Several people asked me to post what I had written in its entirety here, and I'm happy to oblige:
The Gay Agenda
For those of you who did not receive a copy of the gay agenda, it reads as follows:
For those of you who did not receive a copy of the gay agenda, it reads as follows:
7 p.m.: Total global domination.
8 p.m.: Celebratory vegan potluck supper.
We do have an agenda in public schools, of a different sort. I found the school board’s mission statement online. I won’t read all of it, but it includes being committed to ensuring that all students receive a quality education, within a safe and secure learning environment, all students being treated with respect and dignity, basing all decisions on what is best for student needs, and the promotion of diversity so that isolation of specific groups is avoided and the full benefits of integration are achieved. It goes on to require equitable resources, and teacher training to develop interpersonal skills to work with diverse backgrounds.
At some point, we realized that whatever group we’re discussing, it is vitally important to actively promote that the minority is not only not bad, but good. We figured out that genuine representations of diverse groups of people have real and lasting effects on both the minority and majority that can help overcome oppression and inequities.
I took online ESOL courses that challenged me to learn about cultural differences, and to be sensitive to the need for inclusivity so that all of our students have their social needs met in an effort to form a solid foundation to build upon to address their academic needs.
I was asked to respond to essay prompts on practical considerations that would achieve those goals. Based on the information provided in the courses, the answers were clear. We need texts that are representative of diversity in our classrooms, bulletin board displays, posters, multicultural fairs, language and practices that affirm the inherent worth and dignity of all of our students…
Unfortunately, we really dropped the ball when it comes to sexual minorities. Somehow, that has always been seen as “different.” Over the years, the conversation has been about whether or not it is reasonable for adults to impose their values on impressionable young children, a convenient diversionary tactic to draw attention away from the fact that “those people” who want inclusion and representation of sexual minorities were ourselves once children in schools, and that we continue to send the message to our students, especially our younger students, that their identities are so repulsive, they cannot even be mentioned.
Many high schools offer gay/straight alliances, but by then, the damage has already been done. We do not wait until high school to celebrate diversity on any other score. That bothers some families, because prejudices still abound, but we do it anyway because we know scientifically and historically that there are real effects to sins of omission that reinforce the notion of a desirable majority and undesirable minority.
There are parents who actively teach against many of the messages of diversity we send to our students. When we are confronted by demands to perpetuate their bigotry in our schools by parents who only want their views on race, religion, color, ethnicity or gender represented, we stand strong and respond that we do not cater to prejudice here.

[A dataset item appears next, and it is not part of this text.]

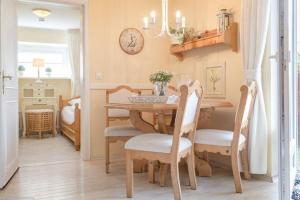 een eetkamer met een tafel en stoelen en een klok bij Bom5_1 in Westerland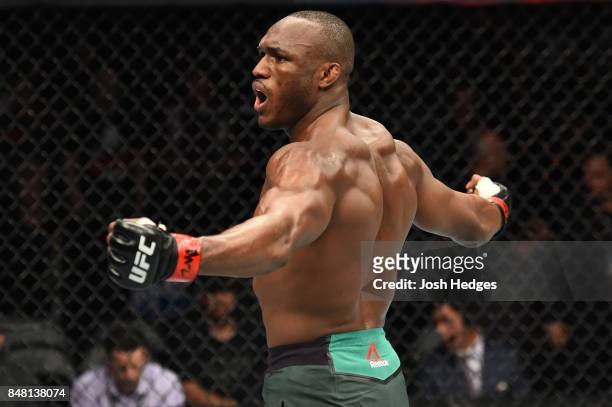 Kamaru Usman of Nigeria celebrates after knocking out Sergio Moraes of Brasil in their welterweight bout during the UFC Fight Night event inside the...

Yet, despite the fact that there are teachers and families representing sexual minorities in our schools, and children in our classrooms who are themselves sexual minorities, here we cower and tacitly lend credence that this is different. That’s the argument that is always used to justify prejudices: that prejudices of the past that we now reflect upon shamefully were obviously wrong in retrospect, but that this time it’s different because these people are different in a way that really is unacceptable.
Religion has always been used as a weapon: to defend slavery, to defend the mistreatment and oppression of women…until, with the passage of time, outrage against minorities seeking equality turns to shame that the beauty in religions was ever so misinterpreted and twisted to have been used to cast aspersions and allow second-class treatment of our fellow human beings.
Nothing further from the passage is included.